→ WORKING DATA:
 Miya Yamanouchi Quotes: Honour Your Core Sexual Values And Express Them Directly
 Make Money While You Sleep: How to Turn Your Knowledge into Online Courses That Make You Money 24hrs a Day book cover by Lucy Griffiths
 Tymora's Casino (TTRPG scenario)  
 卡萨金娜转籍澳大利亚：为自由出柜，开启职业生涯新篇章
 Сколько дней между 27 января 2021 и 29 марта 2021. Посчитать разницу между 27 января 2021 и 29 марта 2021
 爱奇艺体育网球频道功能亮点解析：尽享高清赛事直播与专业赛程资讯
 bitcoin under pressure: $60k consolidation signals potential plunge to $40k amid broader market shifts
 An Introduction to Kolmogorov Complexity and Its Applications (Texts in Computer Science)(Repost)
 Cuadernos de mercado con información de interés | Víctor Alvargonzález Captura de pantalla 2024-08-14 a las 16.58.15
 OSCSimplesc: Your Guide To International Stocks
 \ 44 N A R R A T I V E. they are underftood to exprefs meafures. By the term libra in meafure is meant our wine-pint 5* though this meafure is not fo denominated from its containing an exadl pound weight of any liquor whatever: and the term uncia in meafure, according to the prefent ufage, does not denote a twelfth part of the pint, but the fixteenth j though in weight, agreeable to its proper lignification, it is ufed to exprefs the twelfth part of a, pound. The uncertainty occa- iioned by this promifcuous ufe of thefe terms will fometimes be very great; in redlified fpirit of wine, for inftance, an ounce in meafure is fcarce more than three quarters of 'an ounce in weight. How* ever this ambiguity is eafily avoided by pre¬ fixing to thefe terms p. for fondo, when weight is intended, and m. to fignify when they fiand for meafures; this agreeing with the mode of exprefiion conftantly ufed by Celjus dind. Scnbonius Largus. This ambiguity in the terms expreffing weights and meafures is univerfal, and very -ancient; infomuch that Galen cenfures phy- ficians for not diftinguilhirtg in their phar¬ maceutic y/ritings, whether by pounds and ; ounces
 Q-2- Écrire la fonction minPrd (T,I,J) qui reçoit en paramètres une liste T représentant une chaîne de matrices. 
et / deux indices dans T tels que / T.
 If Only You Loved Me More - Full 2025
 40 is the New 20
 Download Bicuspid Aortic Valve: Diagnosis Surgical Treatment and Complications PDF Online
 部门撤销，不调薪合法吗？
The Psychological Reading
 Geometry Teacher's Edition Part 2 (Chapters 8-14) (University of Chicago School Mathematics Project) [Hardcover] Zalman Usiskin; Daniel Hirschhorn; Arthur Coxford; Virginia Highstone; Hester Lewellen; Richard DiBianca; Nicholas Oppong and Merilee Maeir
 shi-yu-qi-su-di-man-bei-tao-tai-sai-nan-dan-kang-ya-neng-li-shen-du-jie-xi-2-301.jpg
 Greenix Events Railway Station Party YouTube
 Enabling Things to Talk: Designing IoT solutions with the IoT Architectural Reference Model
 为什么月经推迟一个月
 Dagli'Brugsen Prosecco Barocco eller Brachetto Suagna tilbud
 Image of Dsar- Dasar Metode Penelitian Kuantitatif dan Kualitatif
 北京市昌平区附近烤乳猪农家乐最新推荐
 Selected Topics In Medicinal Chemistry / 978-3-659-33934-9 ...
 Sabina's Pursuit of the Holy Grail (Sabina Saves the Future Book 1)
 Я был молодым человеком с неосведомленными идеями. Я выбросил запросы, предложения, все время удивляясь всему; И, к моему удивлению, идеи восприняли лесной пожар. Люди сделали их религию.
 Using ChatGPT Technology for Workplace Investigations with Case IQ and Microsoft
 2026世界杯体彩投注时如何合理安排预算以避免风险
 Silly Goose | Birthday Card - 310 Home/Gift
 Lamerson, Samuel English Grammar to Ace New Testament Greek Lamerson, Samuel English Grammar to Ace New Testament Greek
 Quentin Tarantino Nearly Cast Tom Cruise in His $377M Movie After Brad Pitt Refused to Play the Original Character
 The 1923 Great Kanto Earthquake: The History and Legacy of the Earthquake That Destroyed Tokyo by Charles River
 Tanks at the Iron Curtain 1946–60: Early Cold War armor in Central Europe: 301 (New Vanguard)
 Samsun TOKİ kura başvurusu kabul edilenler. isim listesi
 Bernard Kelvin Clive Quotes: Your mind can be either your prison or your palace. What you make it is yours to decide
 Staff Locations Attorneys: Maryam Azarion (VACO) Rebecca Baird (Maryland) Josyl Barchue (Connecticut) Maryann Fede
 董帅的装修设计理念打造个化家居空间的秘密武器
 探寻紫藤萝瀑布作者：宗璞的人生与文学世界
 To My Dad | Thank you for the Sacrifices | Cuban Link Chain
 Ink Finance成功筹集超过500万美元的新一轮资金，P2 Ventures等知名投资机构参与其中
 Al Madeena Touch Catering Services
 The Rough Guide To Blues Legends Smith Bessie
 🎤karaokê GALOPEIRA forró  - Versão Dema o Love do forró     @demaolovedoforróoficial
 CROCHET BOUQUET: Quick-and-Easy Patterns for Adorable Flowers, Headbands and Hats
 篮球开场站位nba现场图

→ EXERCISE GOAL:
From the line containing "Using ChatGPT Technology" through the closing line of the material above, return every line exactly and omit all others.

→ EXERCISE RESPONSE:
 Using ChatGPT Technology for Workplace Investigations with Case IQ and Microsoft
 2026世界杯体彩投注时如何合理安排预算以避免风险
 Silly Goose | Birthday Card - 310 Home/Gift
 Lamerson, Samuel English Grammar to Ace New Testament Greek Lamerson, Samuel English Grammar to Ace New Testament Greek
 Quentin Tarantino Nearly Cast Tom Cruise in His $377M Movie After Brad Pitt Refused to Play the Original Character
 The 1923 Great Kanto Earthquake: The History and Legacy of the Earthquake That Destroyed Tokyo by Charles River
 Tanks at the Iron Curtain 1946–60: Early Cold War armor in Central Europe: 301 (New Vanguard)
 Samsun TOKİ kura başvurusu kabul edilenler. isim listesi
 Bernard Kelvin Clive Quotes: Your mind can be either your prison or your palace. What you make it is yours to decide
 Staff Locations Attorneys: Maryam Azarion (VACO) Rebecca Baird (Maryland) Josyl Barchue (Connecticut) Maryann Fede
 董帅的装修设计理念打造个化家居空间的秘密武器
 探寻紫藤萝瀑布作者：宗璞的人生与文学世界
 To My Dad | Thank you for the Sacrifices | Cuban Link Chain
 Ink Finance成功筹集超过500万美元的新一轮资金，P2 Ventures等知名投资机构参与其中
 Al Madeena Touch Catering Services
 The Rough Guide To Blues Legends Smith Bessie
 🎤karaokê GALOPEIRA forró  - Versão Dema o Love do forró     @demaolovedoforróoficial
 CROCHET BOUQUET: Quick-and-Easy Patterns for Adorable Flowers, Headbands and Hats
 篮球开场站位nba现场图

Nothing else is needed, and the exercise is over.